Director Renaud Doucet's production cuts between the Latin Quarter today, replete with baseball-hatted American tourists, and the same streets in the early 1800s. As we meet penniless poet Rodolfo and the impoverished Bohemians who make up his circle of friends, Barbe frames a photograph of the famous rooftops of Paris as a picture postcard, stamped and franked for added irony.
The famous light-footedness of Puccini's score is reflected in a production which emphasises the comic and romantic dimensions of the opera. As Rodolfo falls in love with the lonely and lovely seamstress Mimi, the singer Musetta (played by the excellent Trinidadian soprano Jeanine De Bique) is reinvented as a version of Josephine Baker, the iconic entertainer of Paris in the jazz age.
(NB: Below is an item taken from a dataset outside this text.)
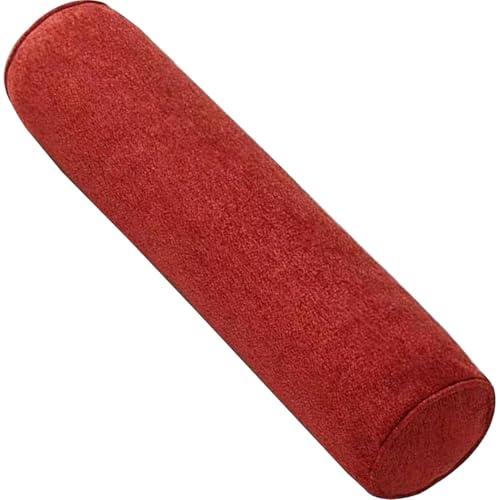 UICMNSI Zylindrisches Langkörperkissen - Nacken-Und Knierolle Kopfkissen Kissen Rolle Orthopädisches, Lagerungsrolle, Bolster Side Sleeper Pillow with Abnehmbar Cover(14,15x55cm/6x21.6in) von UICMNSI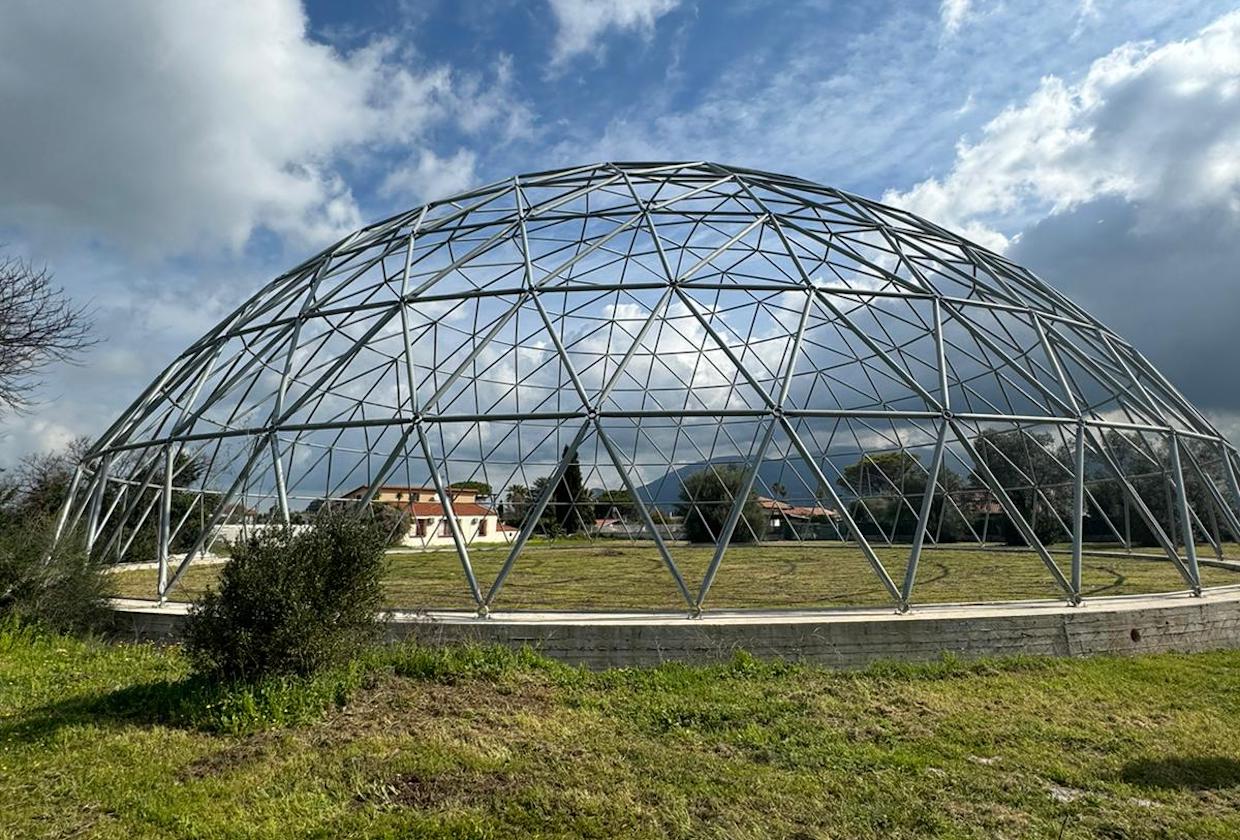 Capaccio Paestum, cupola geodetica di Licinella: via ai lavori per il completamento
Doucet's staging veers between colourful Christmas carnival (complete with splendidly costumed street performers) and the tribulations of the starving artists. There are fine performances across the piece, not least the nuanced and emotive playing of Portuguese tenor Luis Gomes (Rodolfo) and British baritone David Stout (the painter Marcello).
Inevitably, however, the opera focuses on the increasingly desperate health of Mimi (who is in the grip of tuberculosis). The role of the ailing seamstress is performed with, by turns, touching sincerity and shuddering pathos by South Korean soprano Hye-Youn Lee.
As Mimi lies dying on a sofa, surrounded by the artists who have become her adopted family, Doucet fashions a powerful denouement that honours Puccini's stated desire to make his audiences weep.